Your article celebrating the Quest’s 100th year (“Shock! Horror! Quest turns 100,” September 2013) was most welcome, but deeply flawed.

A fine weekly is defined by how it informs in hard times, times of conflict and change within the college. In this crucial sense, your writer overlooked the transition from student government to community government in 1963–64.

Under the excellent and rigorously objective editorships of Myra Minkoff (Lader) ’65, Mark Loeb ’65, and, later, David Heifetz ’66, the Quest played a crucial role in making sure that students and faculty were informed of developments in the laborious process of producing an acceptable—if imperfect—constitution of community government.

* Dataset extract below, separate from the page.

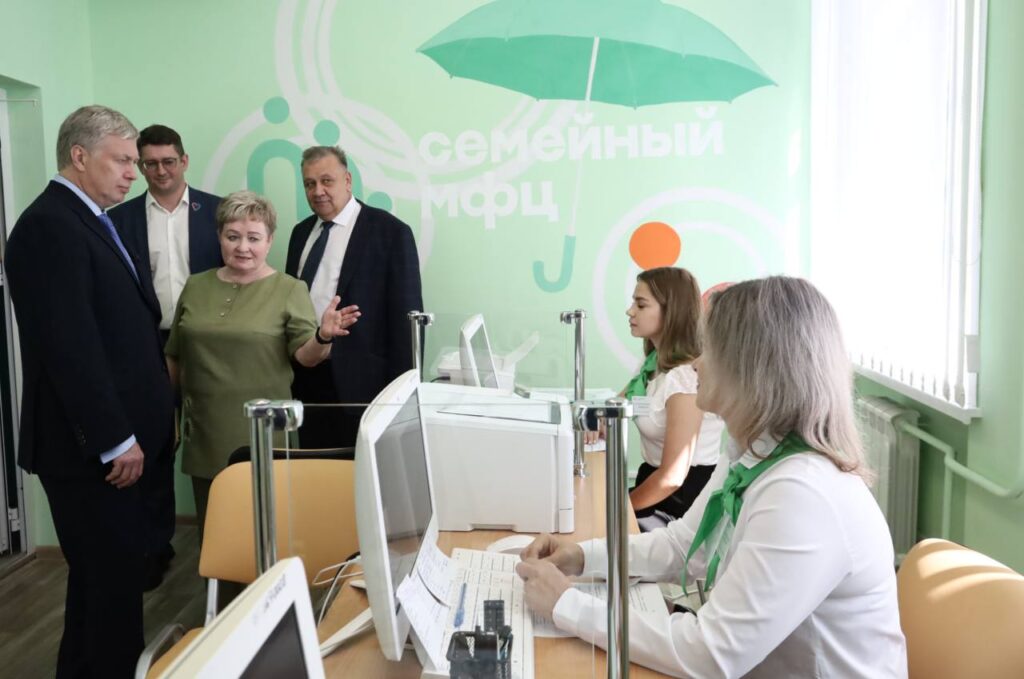 Глава региона поставил задачу открыть семейный МФЦ в Кузоватовском районе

I inherited a draft constitution of community government from the previous student administration. I felt strongly that it gave away too much of our traditional sovereignty. After intense discussion in council, I was invited to revise the existing draft (which had been negotiated and written in secret). Certain changes were made, notably the maintenance of a student majority on disciplinary matters—previously our monopoly—and the inclusion of student minority membership for curriculum, faculty recruitment, and teaching evaluation.

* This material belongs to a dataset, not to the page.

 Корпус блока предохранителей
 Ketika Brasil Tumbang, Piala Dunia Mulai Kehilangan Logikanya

After council’s unanimous approval of the new text, the Quest printed it in toto on its first page. Included was a little box in bold type, by me, advising the students not to approve it because, I argued, it would have to be negotiated—this time with Quest coverage—with then-President Richard Sullivan [1956–67] and the faculty before taking effect and that, even if approved by all parties, it was unwise to disarm while the transition was not complete.

The students agreed and community government remained a dead letter until a later crisis, one in which the Quest played a leading role: the “Reed U” upheaval. Then, advised by the faculty members I trusted and admired, I asked the Quest again to call all the students together in the gym. With the argument that the college’s only shield against President Sullivan’s plans (again, secret) to turn it into a satellite university would have to be an alliance via community government with the faculty, it was unanimously adopted. Many students posed one condition, which I was anxious to avoid: if I would lead the student delegation in the community and serve one term as student body president, they would feel that their interests were safe.

And with the Quest’s support and gritty resistance to President Sullivan, it was to be. We met with trustees around the country and sent a carefully worded letter to all alumni opposing the Sullivan plan. And we won!

The Quest, also reaching trustees and many alumni, fought the good fight week after week. 

As a historian, I feel strongly that on its centennial an institution needs full praise.